How do you know that the truck did not stop at the STOP sign ?  it is well possible to Stop then get caught on the crossing with a slow truck accelerating from a dead halt  .  

The question to be answered is by either VLP or Victrack is why does it take 18 months from funding to install a set of boom barriers ?  It is hardly the first installation in the State .  If we  can now install 3 by the end of  2016, and  a further 14 by April 2017  why has it taken so long for us to address the 3  most dangerous lx which were funded and announced very early in 2015  ?  Failure to treat as priority in the case of  VLP / Victrack has now cost a very serious incident with totally avoidable personal injury, and a further cost of  $  m  in repairs to track and rollingstock .
kuldalai
2 year delivery time would be put down to the way the Public Service department employees go about their day to day jobs, with the layers and layers of bureaucratic nonsense, endless studies and reports !

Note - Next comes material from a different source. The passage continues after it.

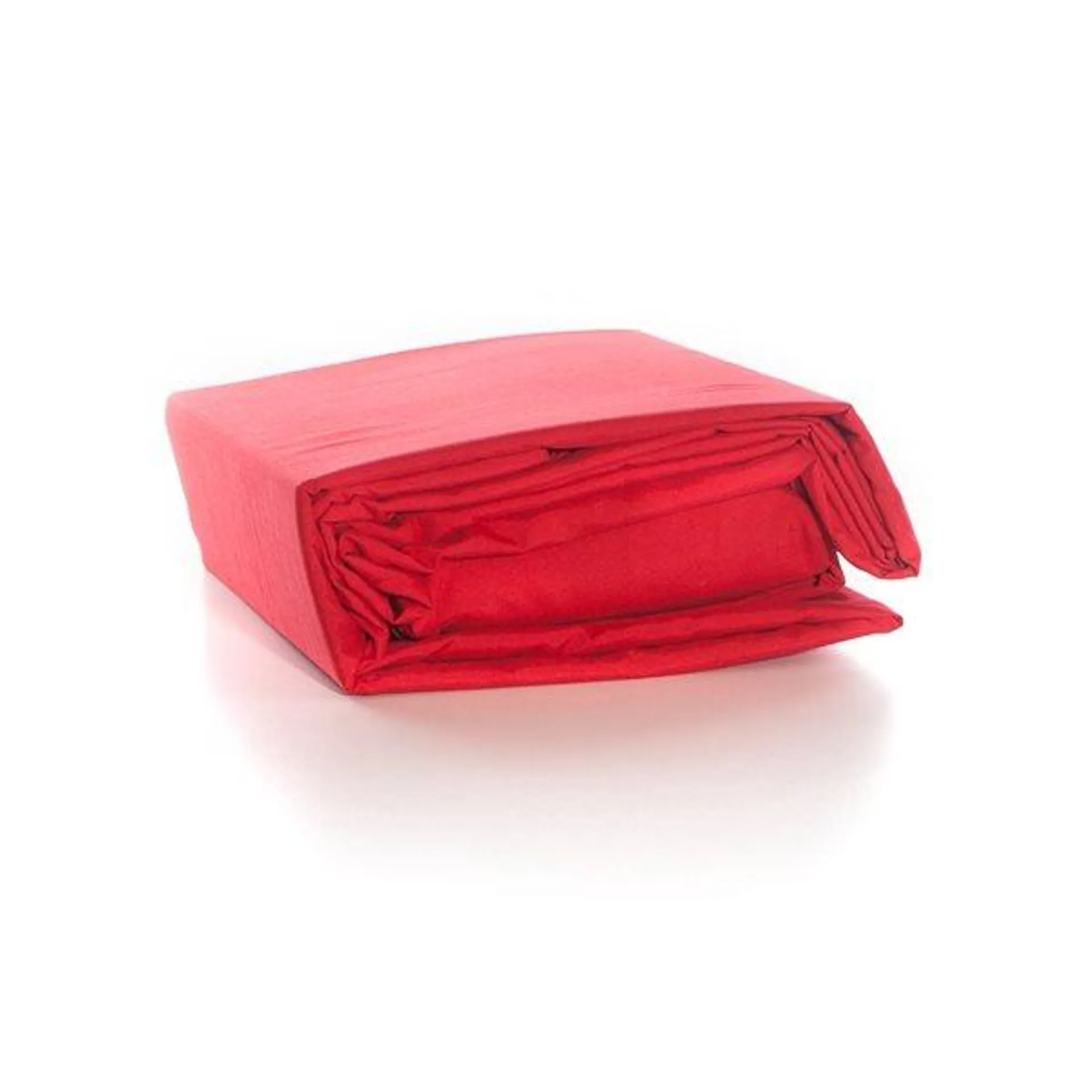 Ensemble de draps en microfibre Gouchee Home rouge pour très grand lit, 4 pièces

As with Caulfield - Dandenong project the Government has proven that If It wants things done, It can get things done very quickly.
  The Vinelander Minister for Railways

Location: Ballan, Victoria on the Ballarat RFR Line
Interesting the signs on the news tonight facing the road, presumably on both sides of the track...clearly state.

                                                                                      STOP
                                                              Look for trains

What part of that sign can't people understand Question

It's not rocket science.
  Bogong Chief Commissioner

Location: Essendon Aerodrome circa 1980
We all know that these days it costs squillions to install a simple flashing lights and bells setup at minor level crossings.

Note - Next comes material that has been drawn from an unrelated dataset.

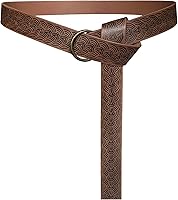 Vista 1 de HiiFeuer Cinturón repujado medieval de la junta tórica del cuero de la PU, cinturón retro del caball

But lets face it, there are hundreds of gravel and dirt roads crossing railways in Victoria and therefore it would cost hundreds of squillions to install lights and bells at every one of them and the state will never have the spare cash to do them all.

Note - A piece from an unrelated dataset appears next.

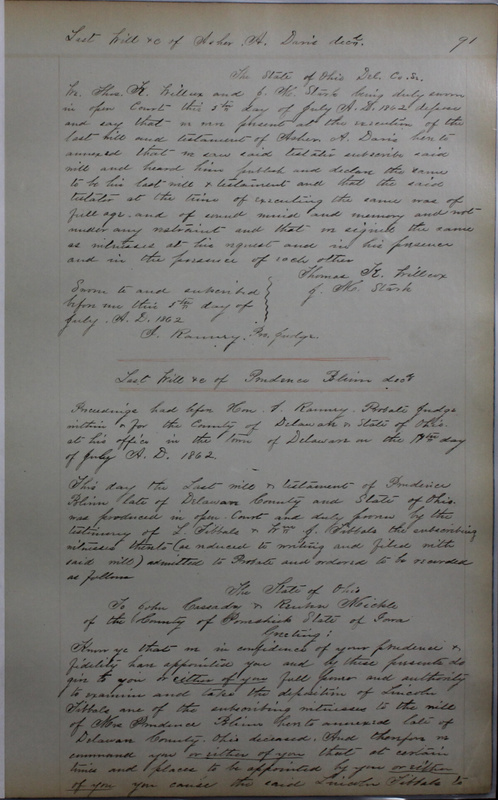 Delaware County Ohio Will Records Vol. 4 1859-1869 (p. 121)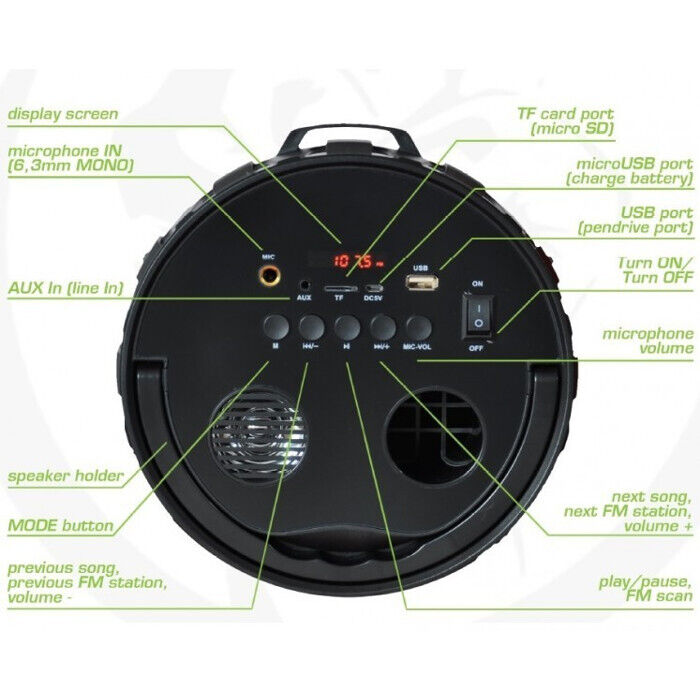20W Tragbarer Wireless Bluetooth Lautsprecher FM Radio Speaker USB Soundbox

However, perhaps there is a simpler and possibly more affordable solution? On these minor roads the reservation is usually quite wide. So it might be feasible to put a bend / dog leg thingy into the road on either side of most level crossings by slewing the road to one side of the road reservation and then bending it to the other side. This would force traffic to slow down and angle their view towards both directions.

A small time contractor with a dozer and a truck load of gravel could easily do that work in a day, therefore it would probably be vastly cheaper than installing lights and bells, allowing more level crossings to be improved for a certain level of funding than the pricier alternative.

This is just a thought, but unless there is a bureaucratic reason why it can't be done, it just might have legs?
  Nightfire Minister for Railways

Location: Gippsland
We all know that these days it costs squillions to install a simple flashing lights and bells setup at minor level crossings.

But lets face it, there are hundreds of gravel and dirt roads crossing railways in Victoria and therefore it would cost hundreds of squillions to install lights and bells at every one of them and the state will never have the spare cash to do them all.

However, perhaps there is a simpler and possibly more affordable solution? On these minor roads the reservation is usually quite wide. So it might be feasible to put a bend / dog leg thingy into the road on either side of most level crossings by slewing the road to one side of the road reservation and then bending it to the other side. This would force traffic to slow down and angle their view towards both directions.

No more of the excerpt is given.